PROBLEM DETAILS>
If an entry holds a picture, drop the picture and restate the rest word for word.

DATASET RECORDS>
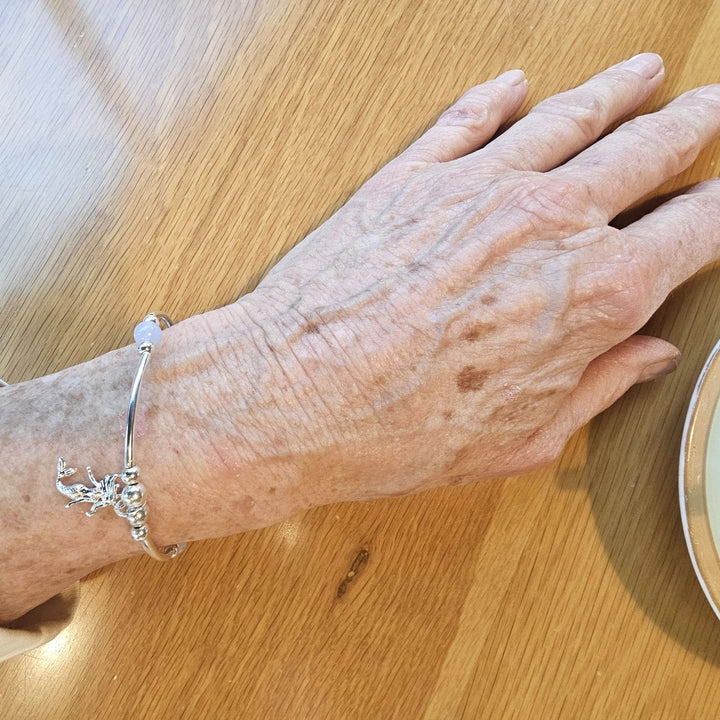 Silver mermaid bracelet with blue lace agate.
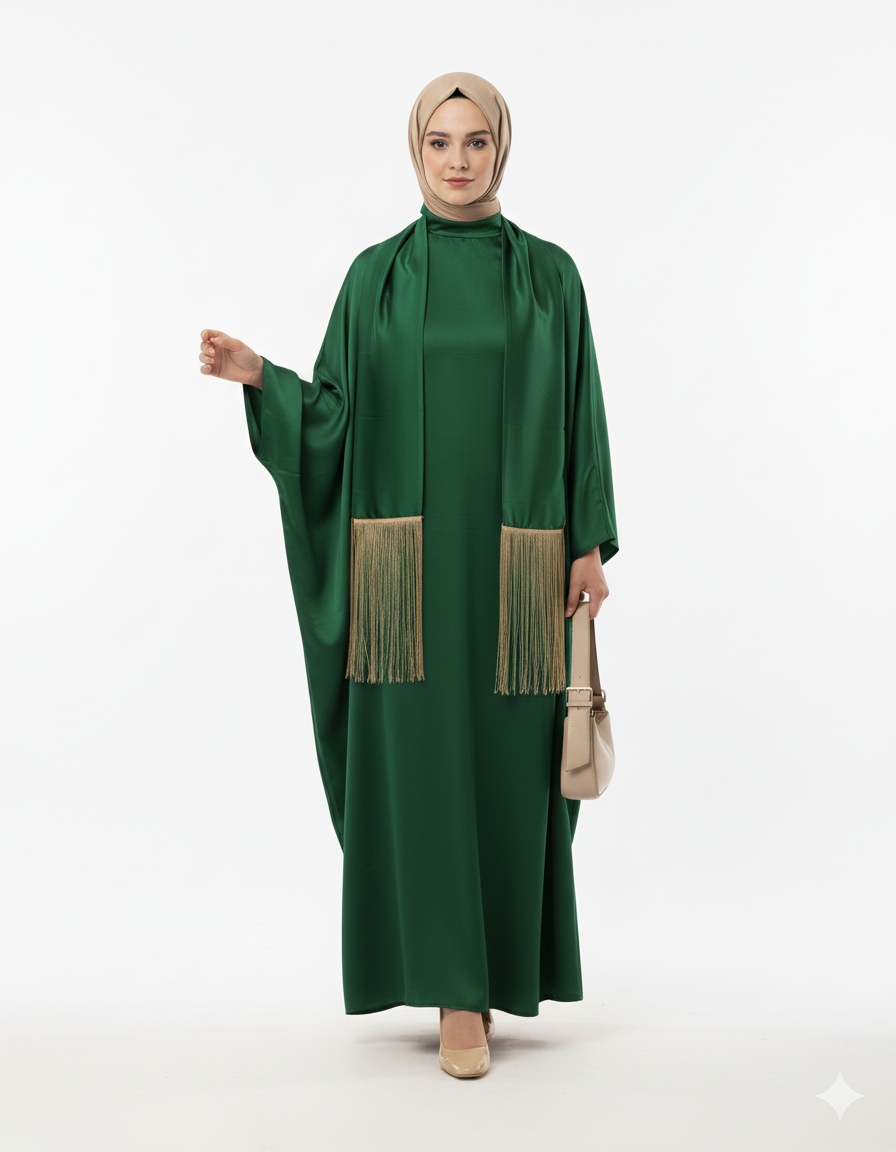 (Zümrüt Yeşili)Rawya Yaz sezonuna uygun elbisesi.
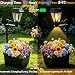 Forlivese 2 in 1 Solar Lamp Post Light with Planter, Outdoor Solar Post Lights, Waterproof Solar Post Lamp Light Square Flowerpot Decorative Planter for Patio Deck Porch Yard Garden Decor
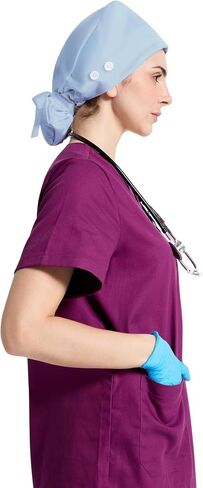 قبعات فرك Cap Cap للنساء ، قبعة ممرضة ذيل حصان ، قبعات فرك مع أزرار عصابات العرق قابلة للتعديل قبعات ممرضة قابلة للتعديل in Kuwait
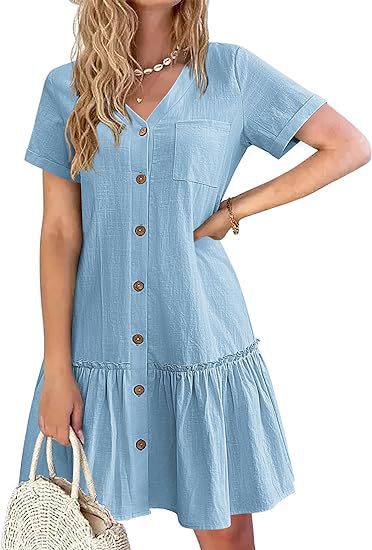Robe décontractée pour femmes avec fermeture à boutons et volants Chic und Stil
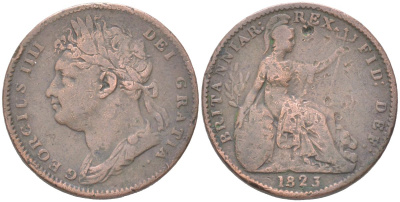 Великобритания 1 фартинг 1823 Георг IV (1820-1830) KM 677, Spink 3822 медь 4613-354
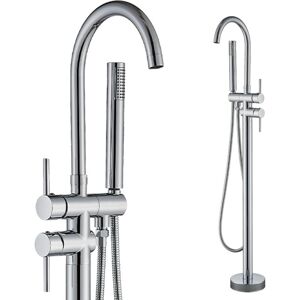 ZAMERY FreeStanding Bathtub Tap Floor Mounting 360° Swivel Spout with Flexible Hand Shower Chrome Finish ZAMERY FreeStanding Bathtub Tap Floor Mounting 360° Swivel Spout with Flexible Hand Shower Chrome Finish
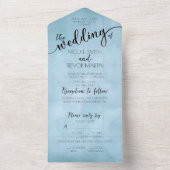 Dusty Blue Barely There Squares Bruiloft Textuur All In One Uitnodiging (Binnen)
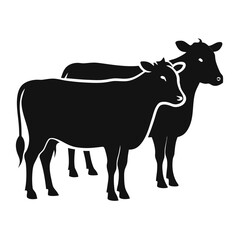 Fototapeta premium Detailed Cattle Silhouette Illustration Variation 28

EXERCISE RESPONSE>
 Silver mermaid bracelet with blue lace agate.
 (Zümrüt Yeşili)Rawya Yaz sezonuna uygun elbisesi.
 Forlivese 2 in 1 Solar Lamp Post Light with Planter, Outdoor Solar Post Lights, Waterproof Solar Post Lamp Light Square Flowerpot Decorative Planter for Patio Deck Porch Yard Garden Decor
 قبعات فرك Cap Cap للنساء ، قبعة ممرضة ذيل حصان ، قبعات فرك مع أزرار عصابات العرق قابلة للتعديل قبعات ممرضة قابلة للتعديل in Kuwait
Robe décontractée pour femmes avec fermeture à boutons et volants Chic und Stil
 Великобритания 1 фартинг 1823 Георг IV (1820-1830) KM 677, Spink 3822 медь 4613-354
 ZAMERY FreeStanding Bathtub Tap Floor Mounting 360° Swivel Spout with Flexible Hand Shower Chrome Finish ZAMERY FreeStanding Bathtub Tap Floor Mounting 360° Swivel Spout with Flexible Hand Shower Chrome Finish
 Dusty Blue Barely There Squares Bruiloft Textuur All In One Uitnodiging (Binnen)
 Fototapeta premium Detailed Cattle Silhouette Illustration Variation 28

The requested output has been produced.